Records shown:
|---|
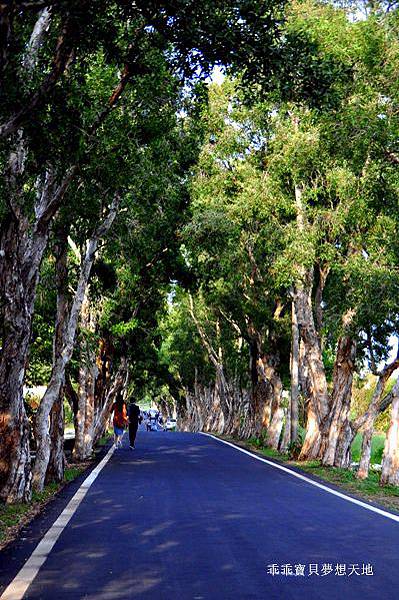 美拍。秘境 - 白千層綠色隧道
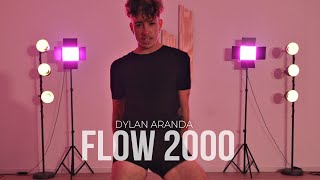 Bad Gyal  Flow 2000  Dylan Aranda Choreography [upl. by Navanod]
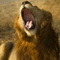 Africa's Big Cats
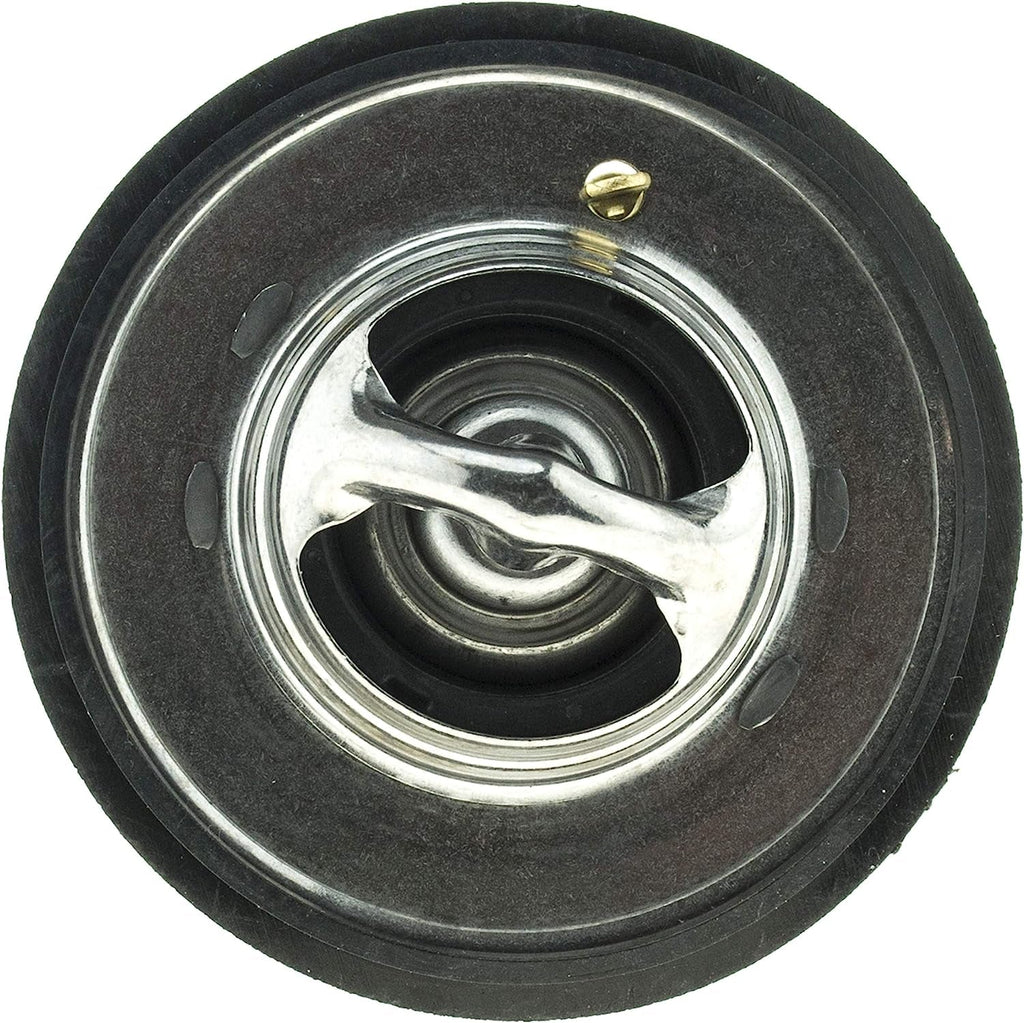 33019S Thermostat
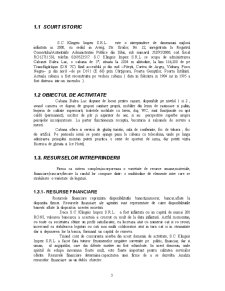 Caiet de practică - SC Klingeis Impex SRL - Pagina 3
|---|
Assigned task: Write out the lines of the material from the one containing "Africa's Big Cats" through the last, exactly and only those. Leave every picture out.

Exercise output:
 Africa's Big Cats
 33019S Thermostat
 Caiet de practică - SC Klingeis Impex SRL - Pagina 3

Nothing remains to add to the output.